EXERCISE BRIEF: Please print exactly the lines from the line containing "f0214562_5125558.jpg" through the end of the data, no more, and keep pictures out of the copy.

(Captioned web images)
━━━━━━━━━━

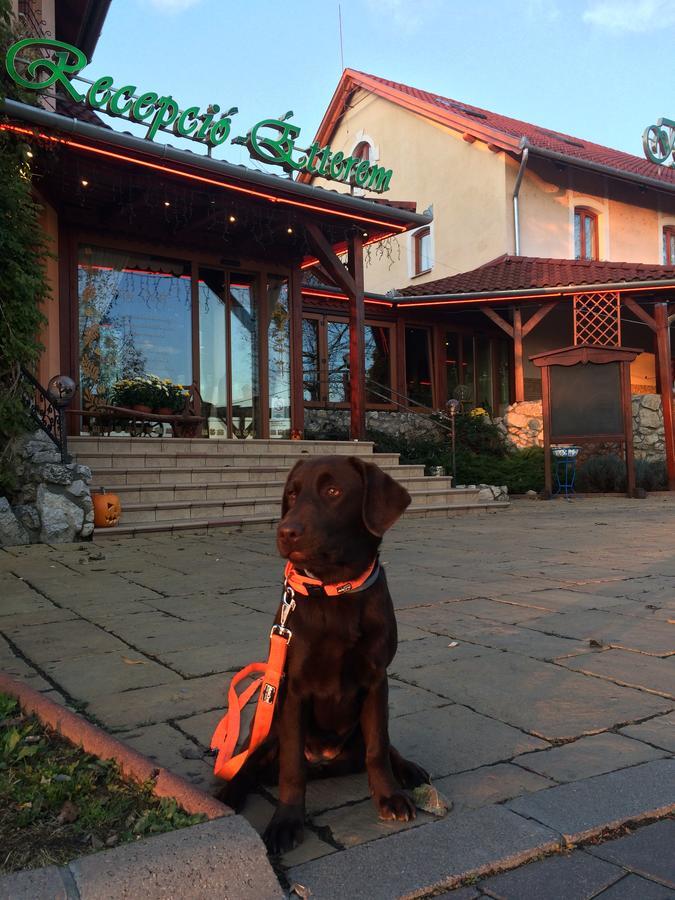 Istvan Parkhotel Es Gasztrofarm Sormás 外观 照片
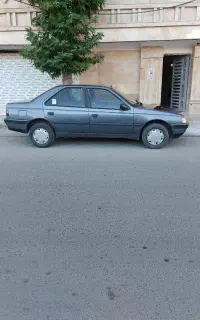 پژو ۴۰۵ لوکس و کم کارکرد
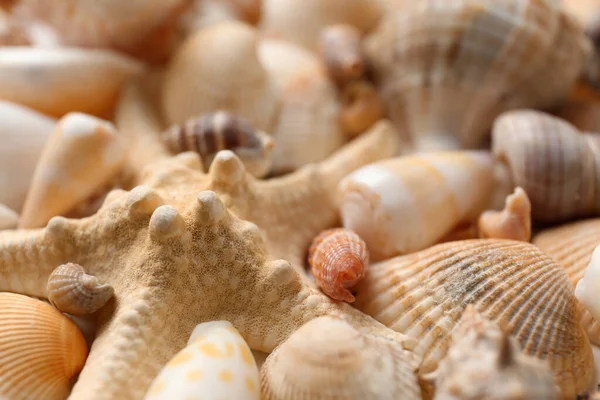 Seesterne Und Schöne Muscheln Als Hintergrund Nahaufnahme — Stockfoto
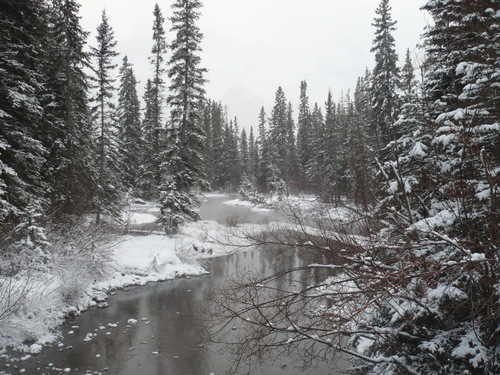 f0214562_5125558.jpg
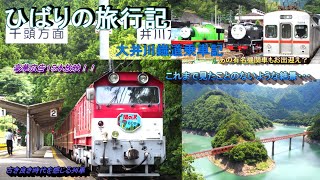 【鉄道旅ゆっくり実況】大井川鐡道乗車記～東海地方が誇る山岳鉄道へ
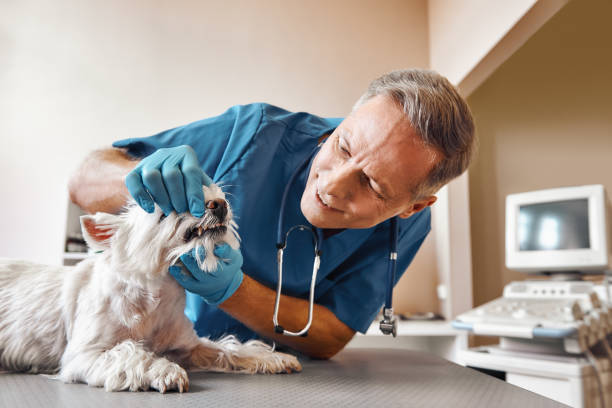 Best 24-Hour Emergency Dentist  in Lehigh Acres, FL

━━━━━━━━━━

SOLUTION TO THE PROBLEM:
 f0214562_5125558.jpg
 【鉄道旅ゆっくり実況】大井川鐡道乗車記～東海地方が誇る山岳鉄道へ
 Best 24-Hour Emergency Dentist  in Lehigh Acres, FL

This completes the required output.